_Task item_
For this task, output exactly the lines of the material below starting at the line with "man with australian" and ending at the line with "Smooth salad caramel"; pictures are to be excluded.

################

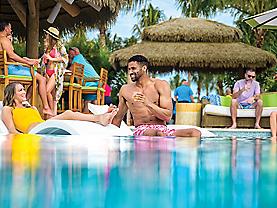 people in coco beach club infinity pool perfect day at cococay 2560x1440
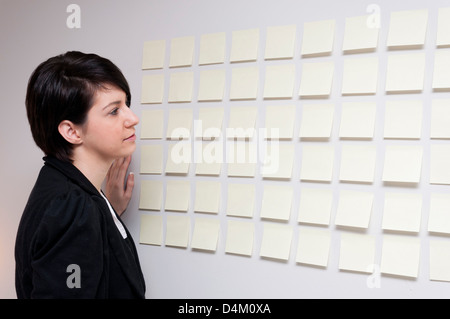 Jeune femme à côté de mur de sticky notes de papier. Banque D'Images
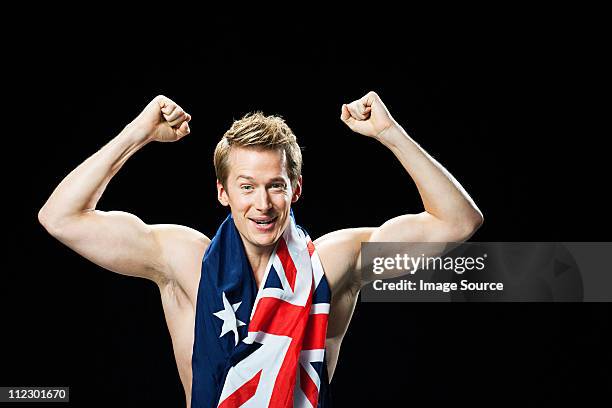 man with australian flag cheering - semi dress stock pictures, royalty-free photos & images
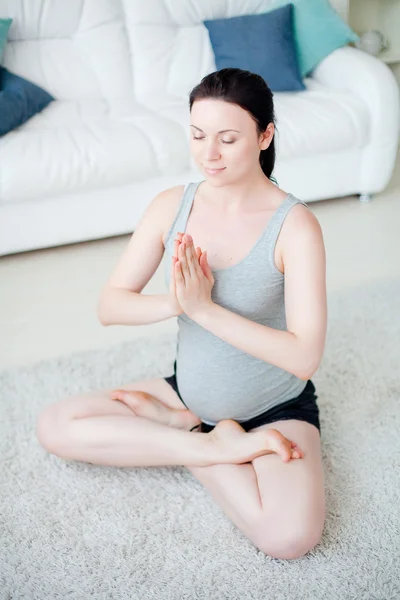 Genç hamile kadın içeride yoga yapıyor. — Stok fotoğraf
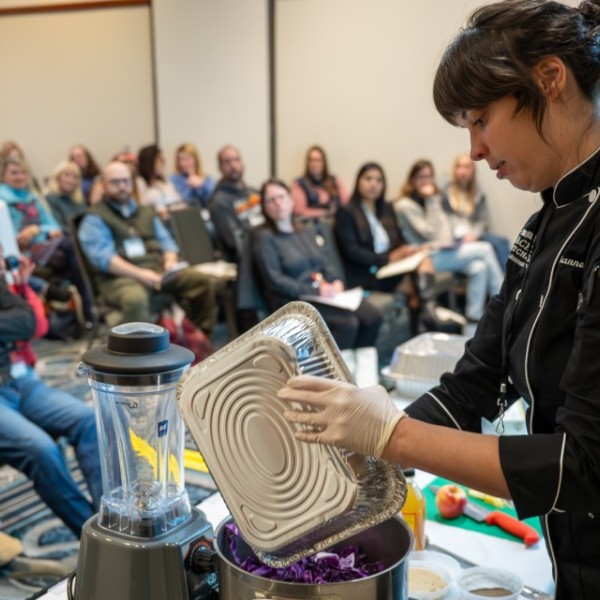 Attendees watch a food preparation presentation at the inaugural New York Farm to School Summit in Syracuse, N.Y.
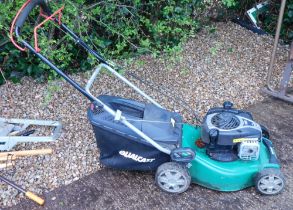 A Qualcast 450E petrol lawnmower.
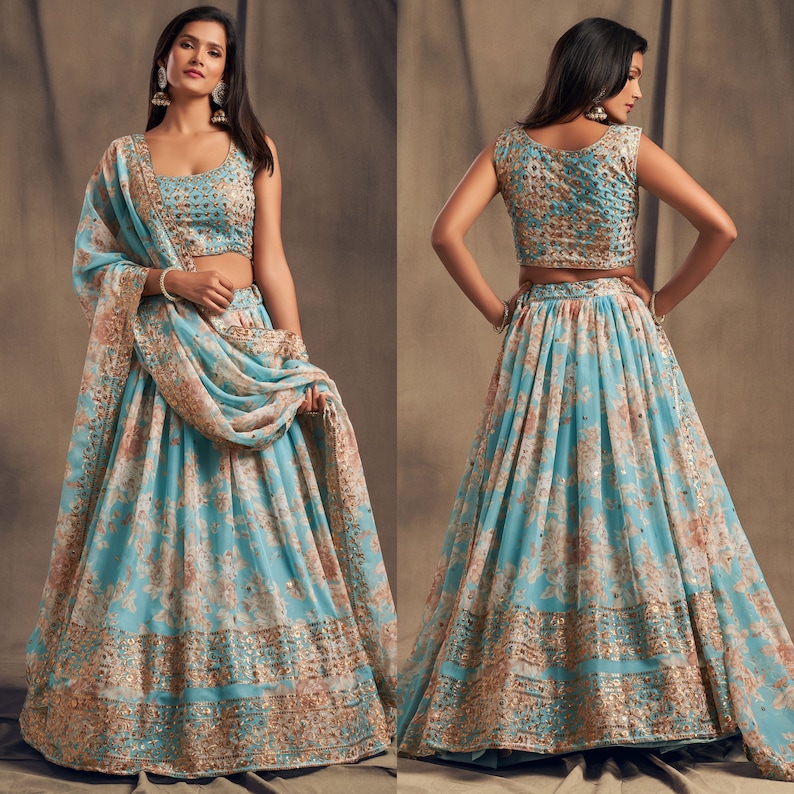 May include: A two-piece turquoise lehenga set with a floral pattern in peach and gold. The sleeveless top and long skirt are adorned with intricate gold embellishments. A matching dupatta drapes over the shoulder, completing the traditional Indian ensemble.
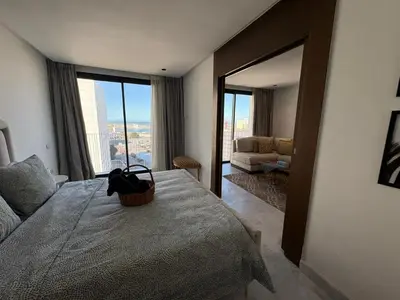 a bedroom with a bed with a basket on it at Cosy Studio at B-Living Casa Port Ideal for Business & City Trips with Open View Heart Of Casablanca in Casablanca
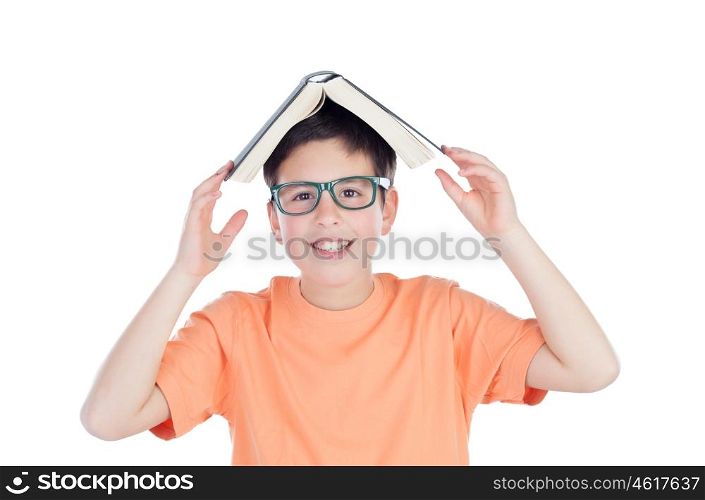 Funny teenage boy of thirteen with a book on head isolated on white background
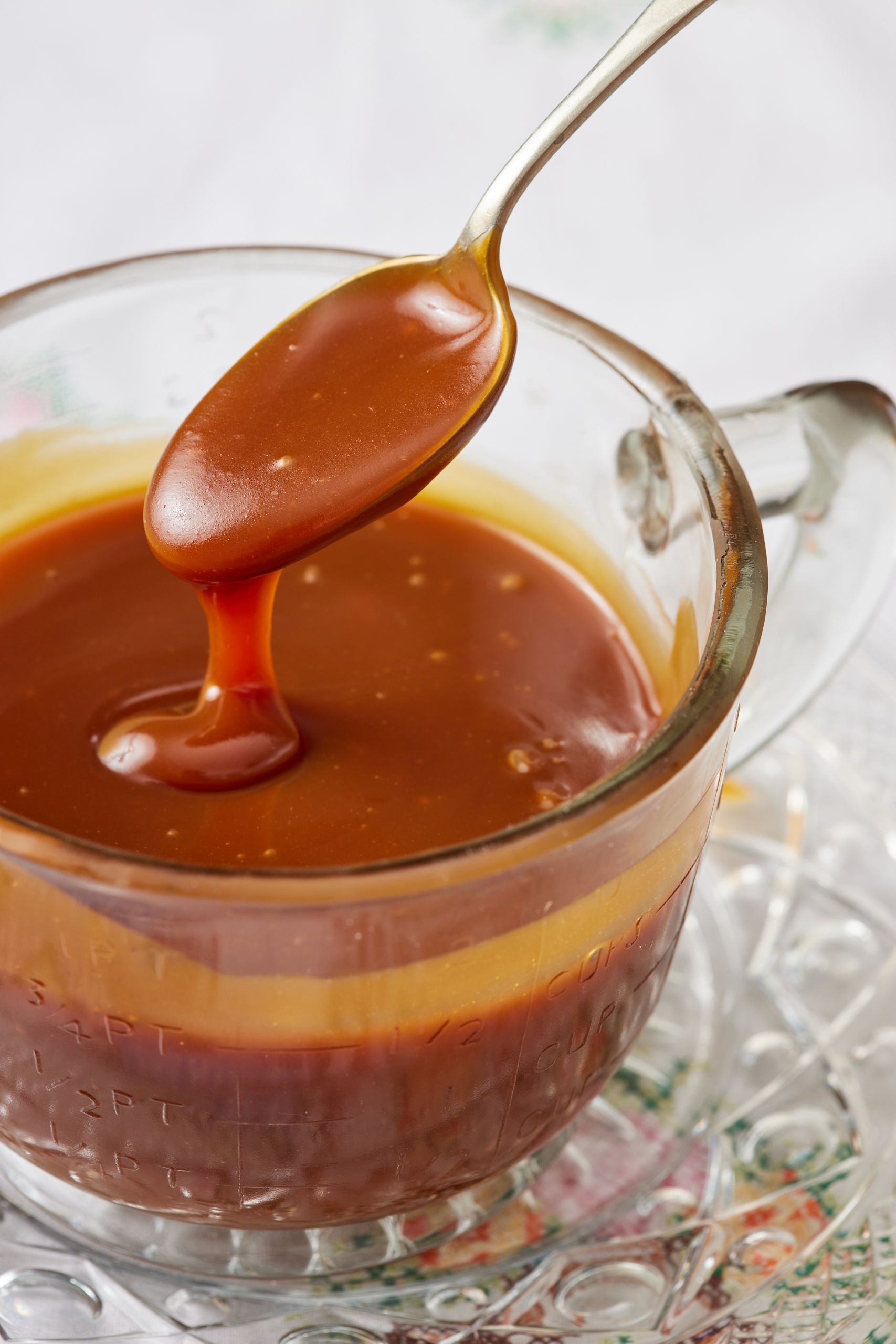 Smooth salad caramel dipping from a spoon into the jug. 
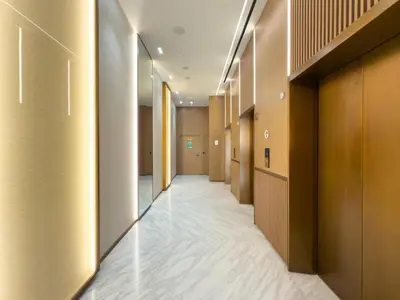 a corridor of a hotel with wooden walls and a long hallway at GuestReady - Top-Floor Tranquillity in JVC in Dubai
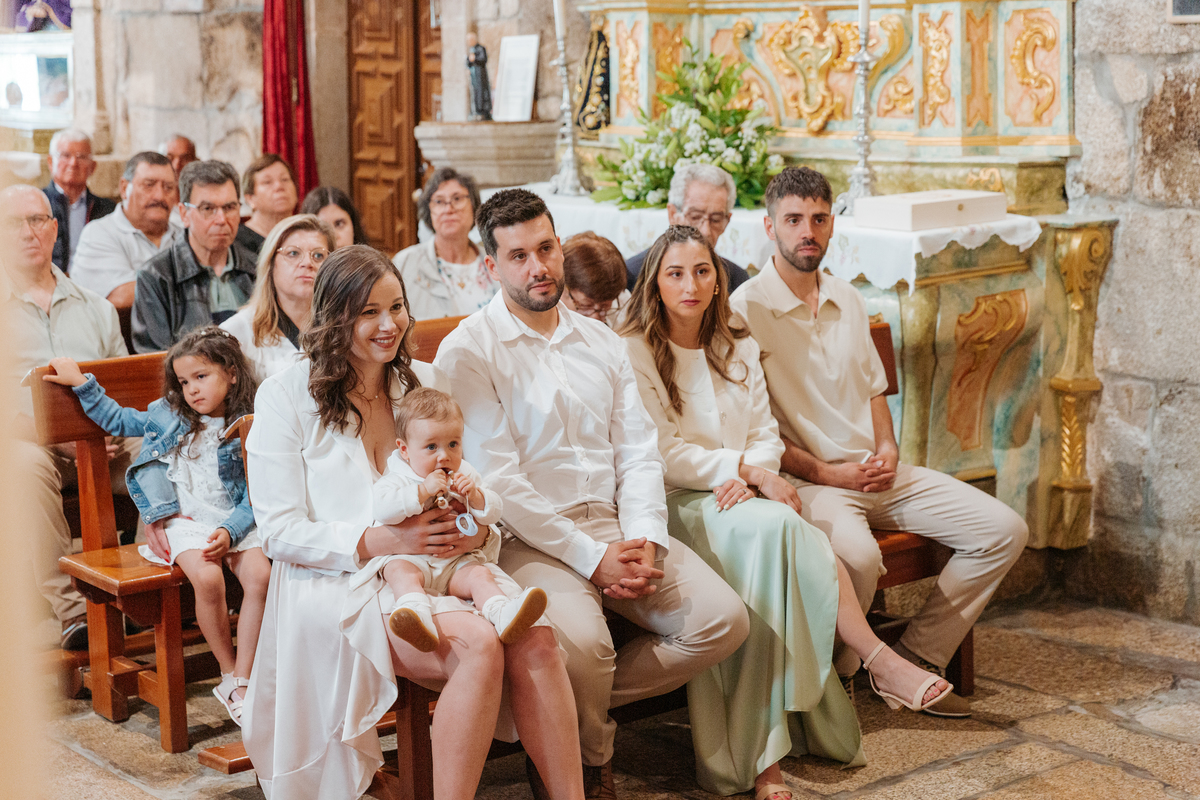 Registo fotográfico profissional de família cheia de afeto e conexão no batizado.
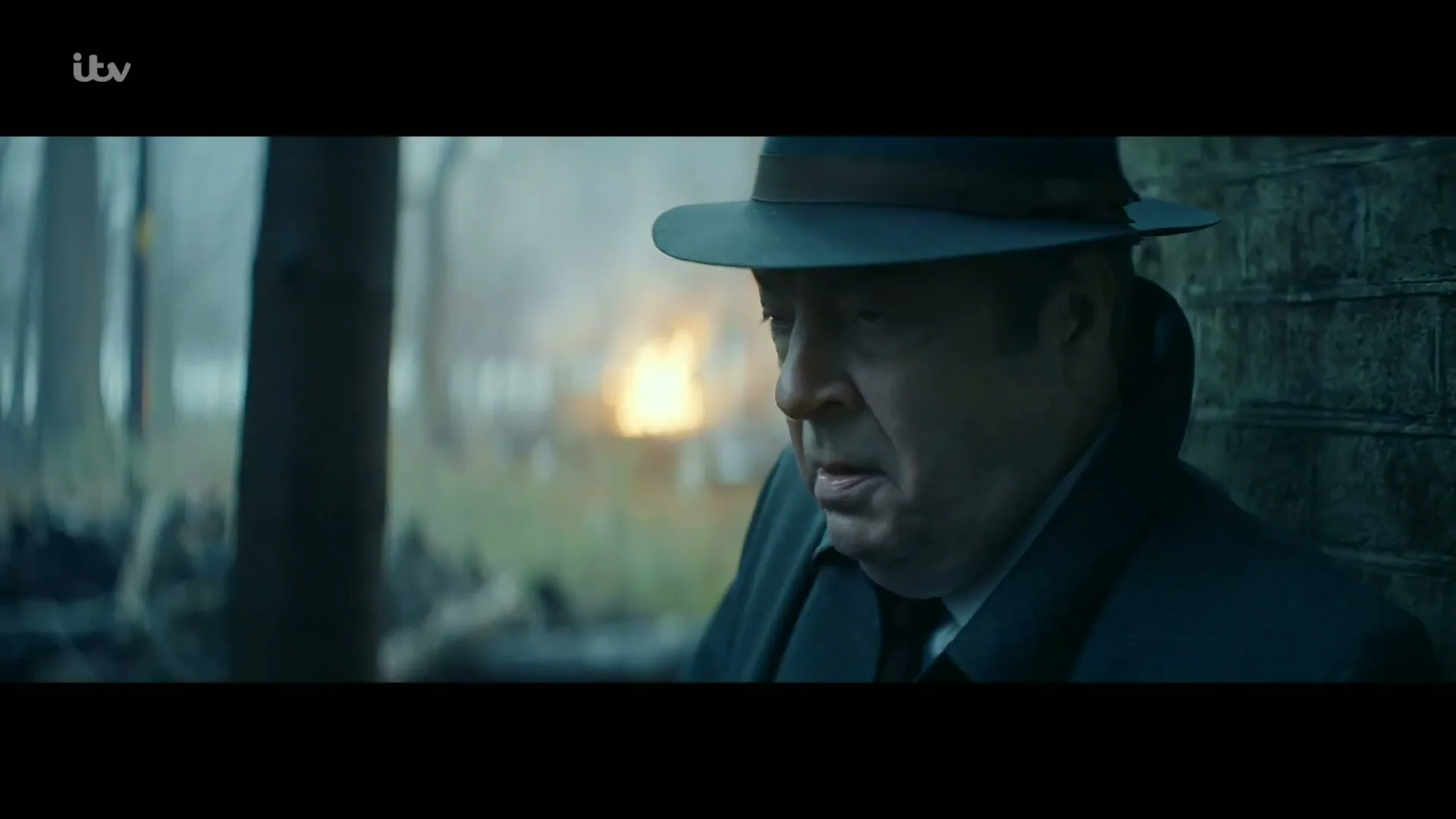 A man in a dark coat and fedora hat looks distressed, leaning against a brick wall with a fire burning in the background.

################

_Output for this exercise_
 man with australian flag cheering - semi dress stock pictures, royalty-free photos & images
 Genç hamile kadın içeride yoga yapıyor. — Stok fotoğraf
 Attendees watch a food preparation presentation at the inaugural New York Farm to School Summit in Syracuse, N.Y.
 A Qualcast 450E petrol lawnmower.
 May include: A two-piece turquoise lehenga set with a floral pattern in peach and gold. The sleeveless top and long skirt are adorned with intricate gold embellishments. A matching dupatta drapes over the shoulder, completing the traditional Indian ensemble.
 a bedroom with a bed with a basket on it at Cosy Studio at B-Living Casa Port Ideal for Business & City Trips with Open View Heart Of Casablanca in Casablanca
 Funny teenage boy of thirteen with a book on head isolated on white background
 Smooth salad caramel dipping from a spoon into the jug. 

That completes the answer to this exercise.